(536a) Enhanced Syngas Production with Reduced Tar Emissions: Optimization of Catalytic Biomass Gasification in Bubbling Fluidized Beds

The goal of this DOE-funded research is to develop and test a cutting-edge, two-stage bubbling fluidized bed (BFB) gasifier using a hydrogen separation membrane that produces clean hydrogen from biomass. Reactor design innovation and optimization are critical to the advancement of biomass gasification technology, especially when it comes to producing cleaner syngas with an emphasis on hydrogen production. The configuration of the biomass gasification system is illustrated in Figure 1. We have optimized critical parameters such as feeding rate, minimum fluidization velocity, and flow-to-solids ratio to improve the system's performance.

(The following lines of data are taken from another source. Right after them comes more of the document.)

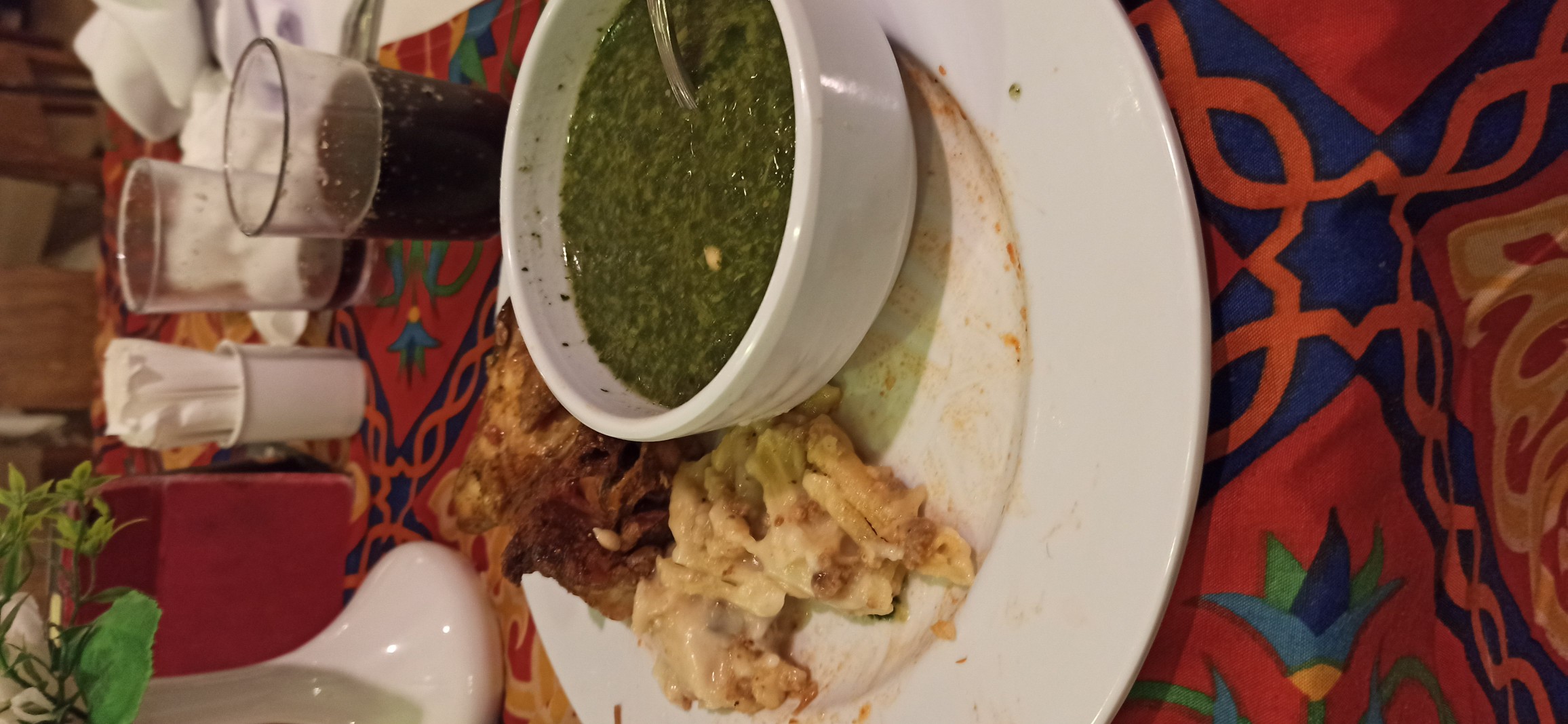 Molokhia mit Pasta & Huhn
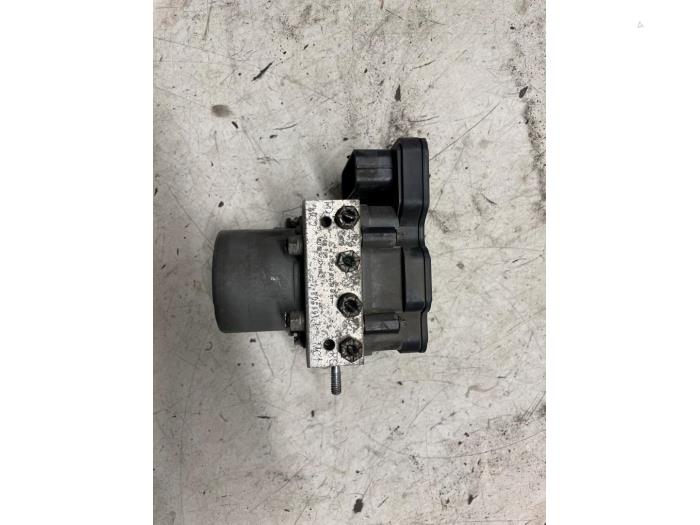 ABS Pomp van een Mercedes-Benz Citan (415.6) 1.5 108 CDI Euro 6 2018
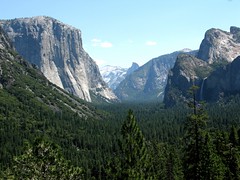View from southern entrance of Yosemite Valley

Furthermore, hot gasifier tests were carried out to examine how catalyst material and gas distributor design affected gasifier performance. The physical characteristics of the gas distributor and the effect of catalyst material on reaction kinetics and gas quality affecting flow distribution and residence time, were found to have a substantial impact on fluidized bed performance. The first catalyst bed is designed to produce syngas, and the second catalyst bed helps to decompose the tar. The ultimate objective of this research is to produce high-quality syngas with less than 1% tar concentration. Several reaction variables, such as the catalyst design, the gasifying agent, and the feeding rate oversight, make this outcome possible. By optimizing these variables, we want to reduce tar formation and produce syngas of the highest quality, thereby improving the dependability and efficiency of the gasification process. This work offers important new information about reactor design and operating parameters for biomass gasification research in the future.